Infelizmente os governos civis são servem para isso.
Servem para outras coisas ...
Absolutamente apoiado. Por que razão os partidos mais pequenos, como O PP ou o BE não apresentam uma proposta para acabar com os Governadores Civis de vez?
artur
Parece que o governador civil tem mais algumas funções, relacionadas com autorizações para emissão de rifas e sorteios. Não é muito, mas sempre é mais alguma coisa...
Cá por mim, que não resisto a comprar uma rifa em tudo o que é arraial, fico agora mais reconfortado quando, com o acto, ajudo a manter um posto de trabalho...
O texto está muito bom, conciso e bem estruturado. Apreciei, em particular o enquadramento histórico.

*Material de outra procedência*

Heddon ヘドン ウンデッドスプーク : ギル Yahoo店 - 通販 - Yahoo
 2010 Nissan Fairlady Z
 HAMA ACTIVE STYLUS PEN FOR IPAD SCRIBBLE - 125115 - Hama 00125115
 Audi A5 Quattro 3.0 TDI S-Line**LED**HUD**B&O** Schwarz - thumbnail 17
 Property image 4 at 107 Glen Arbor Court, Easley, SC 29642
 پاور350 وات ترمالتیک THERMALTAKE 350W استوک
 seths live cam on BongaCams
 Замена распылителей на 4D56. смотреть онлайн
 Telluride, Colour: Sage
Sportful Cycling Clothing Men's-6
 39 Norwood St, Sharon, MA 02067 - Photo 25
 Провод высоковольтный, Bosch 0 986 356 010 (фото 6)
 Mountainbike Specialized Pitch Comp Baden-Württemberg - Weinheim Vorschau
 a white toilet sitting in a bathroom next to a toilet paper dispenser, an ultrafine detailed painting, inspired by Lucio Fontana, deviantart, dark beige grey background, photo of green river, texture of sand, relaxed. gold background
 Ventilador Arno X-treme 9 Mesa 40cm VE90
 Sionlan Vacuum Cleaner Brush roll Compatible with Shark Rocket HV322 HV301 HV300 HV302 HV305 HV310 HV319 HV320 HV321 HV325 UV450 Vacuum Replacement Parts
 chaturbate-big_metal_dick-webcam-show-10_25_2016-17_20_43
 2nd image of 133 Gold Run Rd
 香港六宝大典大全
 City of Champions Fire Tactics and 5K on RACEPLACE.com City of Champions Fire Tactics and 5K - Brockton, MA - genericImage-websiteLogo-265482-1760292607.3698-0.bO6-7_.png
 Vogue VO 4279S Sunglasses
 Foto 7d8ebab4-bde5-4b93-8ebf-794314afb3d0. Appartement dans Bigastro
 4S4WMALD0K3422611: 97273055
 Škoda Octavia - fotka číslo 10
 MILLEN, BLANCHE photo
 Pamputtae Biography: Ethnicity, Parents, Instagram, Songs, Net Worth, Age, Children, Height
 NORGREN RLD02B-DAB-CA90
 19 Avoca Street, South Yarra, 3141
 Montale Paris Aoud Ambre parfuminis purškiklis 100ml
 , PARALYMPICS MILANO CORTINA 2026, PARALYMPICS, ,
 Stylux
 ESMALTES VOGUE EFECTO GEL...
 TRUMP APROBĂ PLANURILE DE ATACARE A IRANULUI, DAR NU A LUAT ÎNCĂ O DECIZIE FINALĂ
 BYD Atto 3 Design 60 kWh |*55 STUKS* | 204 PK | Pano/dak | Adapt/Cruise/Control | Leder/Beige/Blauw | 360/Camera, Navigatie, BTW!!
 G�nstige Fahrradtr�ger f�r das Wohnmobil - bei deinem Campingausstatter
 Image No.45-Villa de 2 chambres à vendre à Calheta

A inovação chegou a todos os sectores da vida social e política desde a educação à saúde. Queria ficar admirado por saber que existe um sector que parou no século XIX. Mas não fico e o motivo vem bem explanado no desenvolvimento do artigo.
Não poderia concordar mais com a afirmação de que são "fósseis-vivos". Aliás, o cargo de Governador Civil já deveria ter desaparecido há 35 anos com a revolução e consequente constituição, visto que esse seria também um dos pontos a reformular. Contudo, por algum motivo irracional continuam nas suas (escassas) funções. Um claro caso de falta de vontade política, pois infelizmente a política ainda serve para satisfazer caprichos particulares e favorzinhos alheios.